» **Work task**
Pictures must not appear in the copy. Restate exactly the lines below from the one with "Aimant Monogramme moderne" through the one with "Adorable Mother and", inclusive.

» **Provided material**
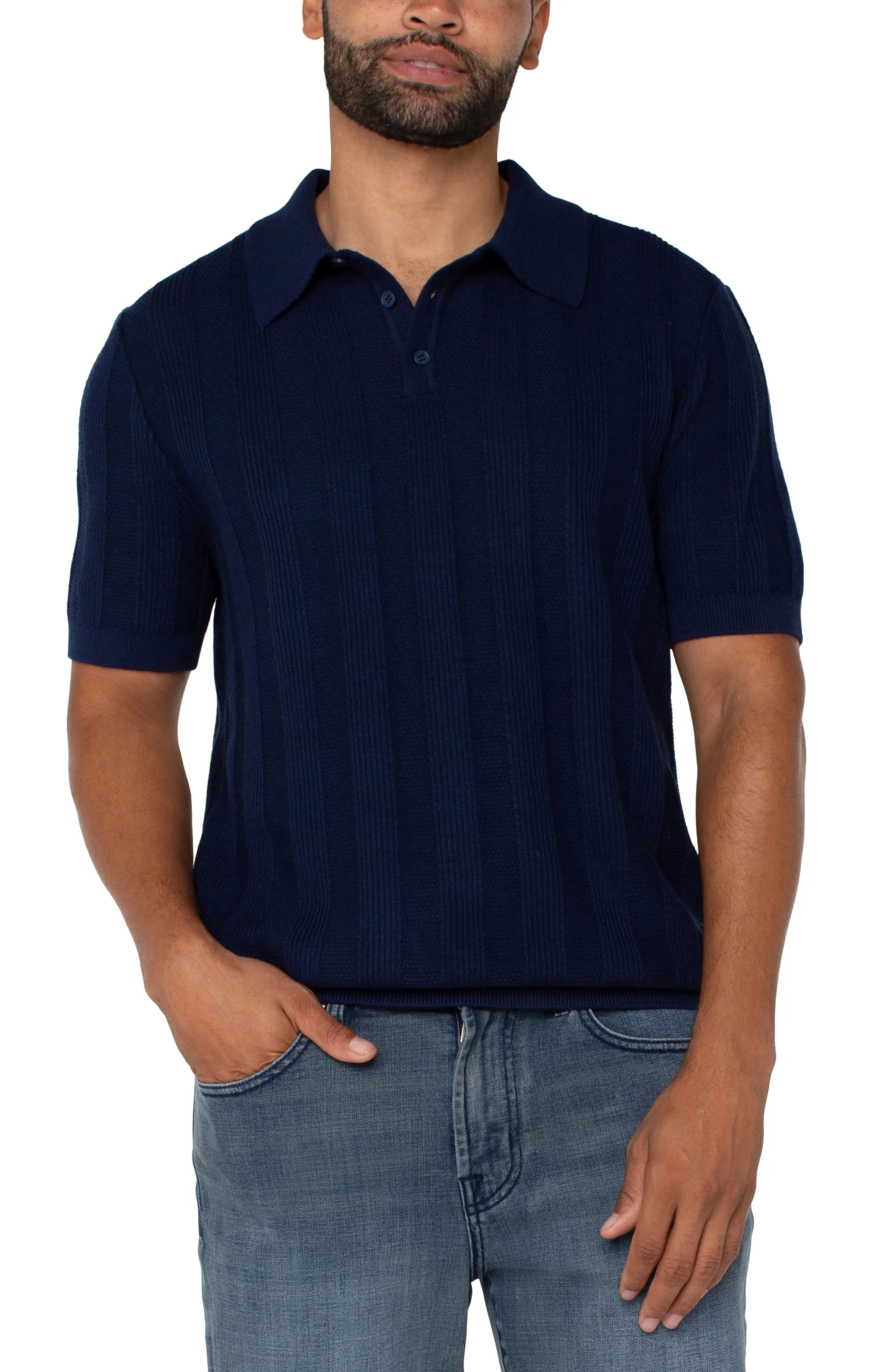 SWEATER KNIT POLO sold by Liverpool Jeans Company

* * *

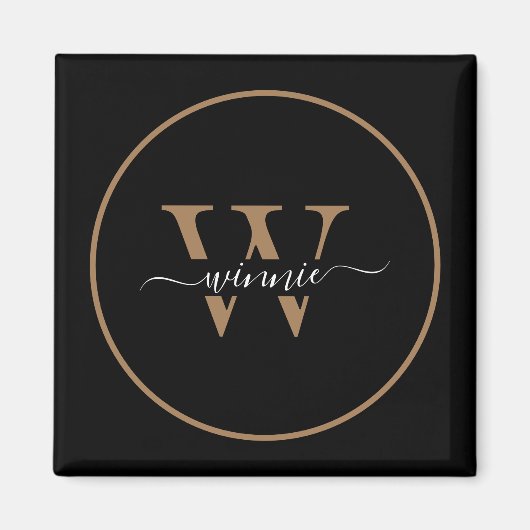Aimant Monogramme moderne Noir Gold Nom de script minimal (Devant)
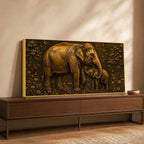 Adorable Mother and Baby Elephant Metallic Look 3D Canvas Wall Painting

» **Task result**
Aimant Monogramme moderne Noir Gold Nom de script minimal (Devant)
 Adorable Mother and Baby Elephant Metallic Look 3D Canvas Wall Painting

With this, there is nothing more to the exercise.